LED lighting created natural highlights and reflections on spacesuit helmets in cockpits, while Sandgren used a mobile 10K on a truss to emulate sunlight flaring into the lens. “We did that old-school,” Lambert says. “We had playback on the screen that we could rotate and pull around. As we did that, they lined up the 10K to follow the sun. On the dailies, we’d see this 10K which we had to take out [digitally], but the motion of that light was the most important thing for me in visual effects. Light and movement. Everything else I can fix, but I can’t fix the lighting.”
— Joe Fordham
Reaching Into Writing
The VR format informed aesthetic choices on The Batman to a degree that might surprise many viewers.

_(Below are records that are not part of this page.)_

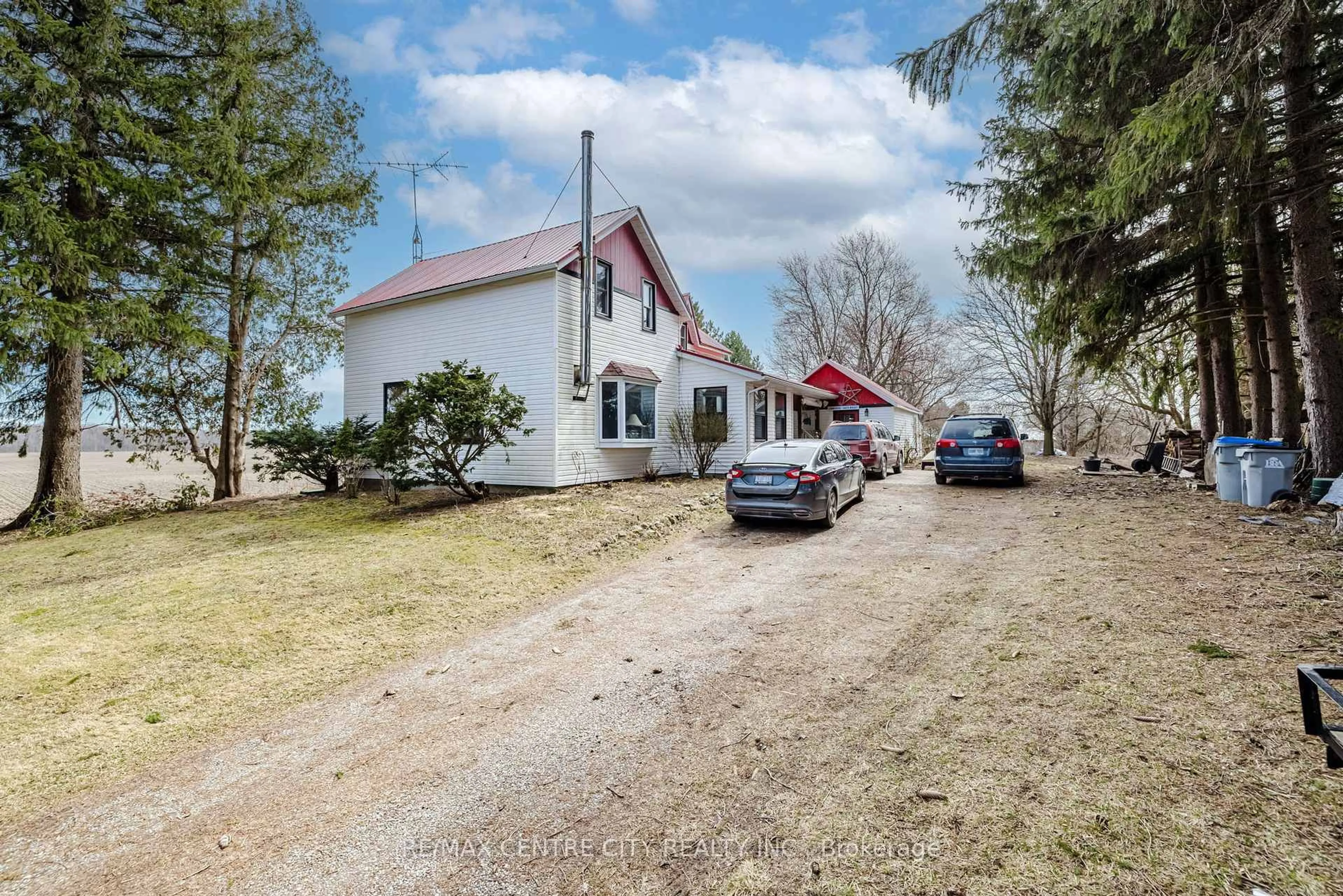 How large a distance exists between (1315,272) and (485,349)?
1631cm

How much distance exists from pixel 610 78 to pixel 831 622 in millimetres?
12522

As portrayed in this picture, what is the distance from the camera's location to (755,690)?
3709mm

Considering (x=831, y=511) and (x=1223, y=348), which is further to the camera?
(x=1223, y=348)

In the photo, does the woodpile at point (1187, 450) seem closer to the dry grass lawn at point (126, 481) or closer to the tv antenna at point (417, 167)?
the tv antenna at point (417, 167)

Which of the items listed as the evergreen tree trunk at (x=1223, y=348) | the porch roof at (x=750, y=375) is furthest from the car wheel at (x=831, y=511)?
the evergreen tree trunk at (x=1223, y=348)

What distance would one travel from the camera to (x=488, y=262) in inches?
626

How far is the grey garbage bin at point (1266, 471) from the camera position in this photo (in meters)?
8.73

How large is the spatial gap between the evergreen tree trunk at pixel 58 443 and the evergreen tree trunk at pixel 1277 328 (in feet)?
79.3

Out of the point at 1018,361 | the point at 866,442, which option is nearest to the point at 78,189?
the point at 866,442

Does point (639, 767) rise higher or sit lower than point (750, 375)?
lower

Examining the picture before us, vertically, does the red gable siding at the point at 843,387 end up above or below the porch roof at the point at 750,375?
above

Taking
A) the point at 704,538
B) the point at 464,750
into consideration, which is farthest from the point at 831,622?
the point at 704,538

Greig Fraser, ASC, ACS met Matt Reeves for lunch while Reeves was writing his superhero film. They had been friends since they collaborated on the vampire drama Let Me In.
While remaining tight-lipped about details, Fraser noted some lessons he had learned with ILM using LED backgrounds on Star Wars: Rogue One, and StageCraft tools for Season One of The Mandalorian. “I mentioned to Matt what looks good or bad in the volume,” Fraser recalls. “He’s a smart guy, and he quizzed me. In the next draft of his Batman script, Batman and Gordon met on an unfinished skyscraper. There were lots of steel girders. The scenes took place at dusk, dawn or night, with a lot of talking. Everything I’d told Matt the volume was good for — controlled lighting, long scenes, simple geometric structures — he wrote to that. That’s how it should be. When writers and producers have a better understanding of what works in a volume, they can lean into it as they write.”
A Virtual-Production Debut
Magdalena Górka ASC, PSC encountered her first LED-volume-based shoot on the Paramount Plus series Star Trek: Strange New Worlds.
The LED volume, created and operated by Pixomondo in Toronto, was used to create realistic, immersive virtual environments. “The LED walls were a game-changer for us,” Górka says. “We created stunning visual backdrops that added depth and dimension to the scenes. The level of detail and realism we achieved was remarkable.”
She also enjoyed having the flexibility to add or modify some details in real-time. “You could add simple elements to the backgrounds on the production day. Transparent elements could also be added easily with a few hours of programming and rendering.”
Limitations of the process that she noted included lag in camera tracking, a critical aspect of in-camera VFX. She explains, “Most of the time, [the problem] was fast movements, because the rendering engine could not keep up. We couldn’t do fast Steadicam moves or 180-degree pans with actors running, for example, as the tracking cameras couldn’t process it at that speed. However, I believe this limitation will be overcome as the technology advances.”
Regarding color grading, Górka emphasizes the advantages of shooting with LED walls compared to traditional greenscreens, noting, “We don’t have green spill to deal with on set or in post.”